廃PET製のPBT開発 サウジのサビック社

2019年06月12日

ゴムタイムス社

 サウジアラビアの化学製品メーカーであるサビックは6月12日、リサイクルPETからアップサイクルされたポリブチレンテレフタレート(PBT)樹脂「LNP・ELCRIN・iQ」を発表した。同製品は、消費者が廃棄したPET(主に使い捨ての水ボトル)をケミカルアップサイクルしたもので、耐久性などの特性が強化されており、同社はさらなるリサイクル樹脂の需要を喚起する。

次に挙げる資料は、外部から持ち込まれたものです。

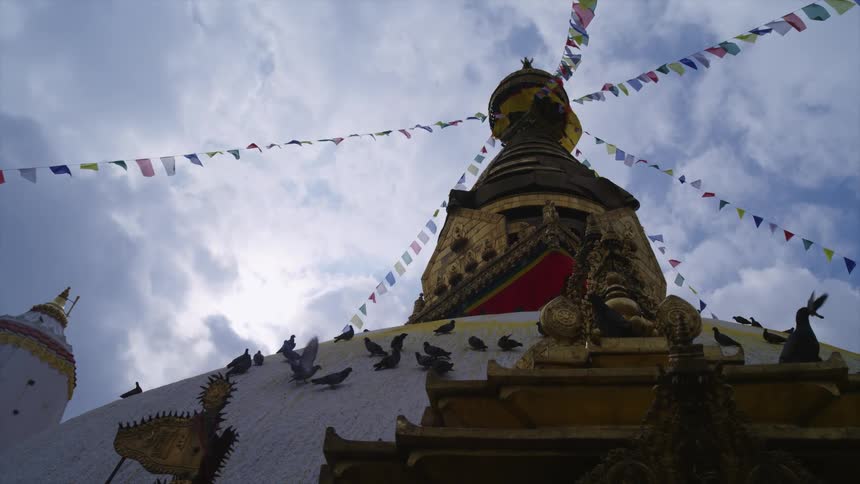 Medium sized black birds sit on the roof of an asian shrine that has colorful flags hanging from the top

 同製品は、同社の独自技術によってアップサイクルされたiQ・PBT樹脂をベースにしており、バージンPBT樹脂に比べ、累積エネルギー需要および地球温暖化係数の測定において、工場での原材料入手から製品出荷までの環境フットプリントを低減させる効果が期待される。

 このアップサイクル技術は、PETボトルやその他のPET廃棄物を前駆体化学物質に解重合し、さらにそれらを精製して新しいPBT樹脂を製造する化学プロセスを使用することで、メカニカルリサイクルの限界を克服し、高い生産効率に寄与する優れた流動性、耐薬品性、着色性、そして難燃性といった性能を提供している。

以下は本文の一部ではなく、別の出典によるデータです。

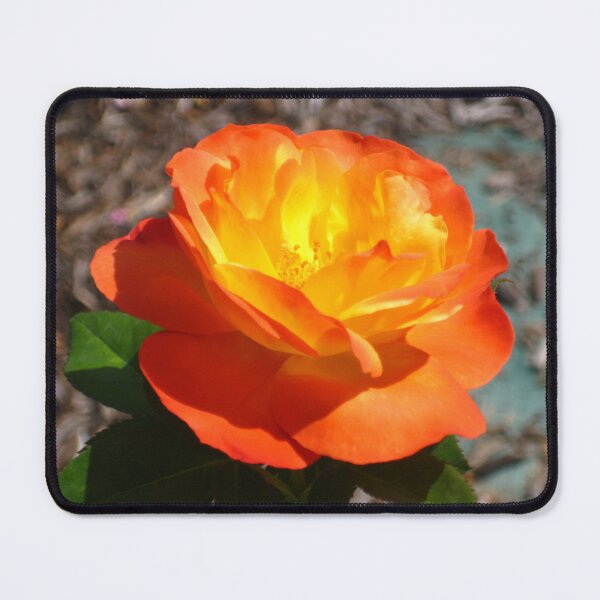 Item preview, Sumptuous Judy Garland Rose Performing in Vibrant Orange and Yellow designed and sold by JoyousArt4u.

 同製品は、バージンPBTおよび他の従来のPBT樹脂を直接置き換えられるため、顧客は現在使用しているPBT樹脂を同製品に変更するだけで、自社製品をより環境に優しい持続可能な製品にすることができる。また、同製品は、PBTの製造に使用されていたバージン原料を使用しないことで、材料製造時の消費エネルギーを最大61%、カーボンフットプリントを49%、それぞれ削減したことがライフサイクルアセスメント調査で示されている。また、同製品は、1kg当たり最大67本の使用済みPETボトル(500ml)を再利用している。

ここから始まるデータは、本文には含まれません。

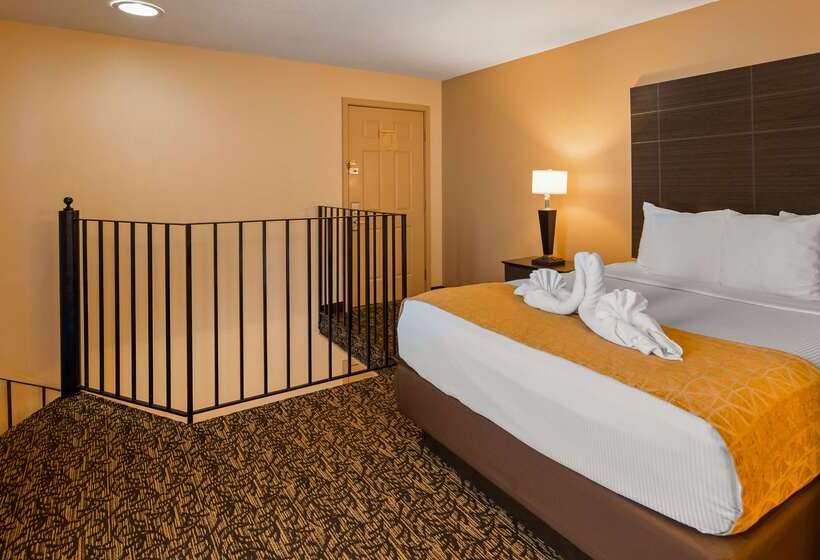 فندق Best Western Toni Inn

 同製品には、ガラス強化やミネラル強化グレード、非ハロゲン難燃性の配合など、ユーザーの要望に応じた製品が取り揃えられている。高い耐久性と優れた外観が求められる家電製品や自動車用コネクター、医療機器の外装などでの需要が見込まれ、これまで使い捨てられていたPET樹脂の使用期間を延長させ、材料が廃棄されるまでの期間を延ばすことに貢献する。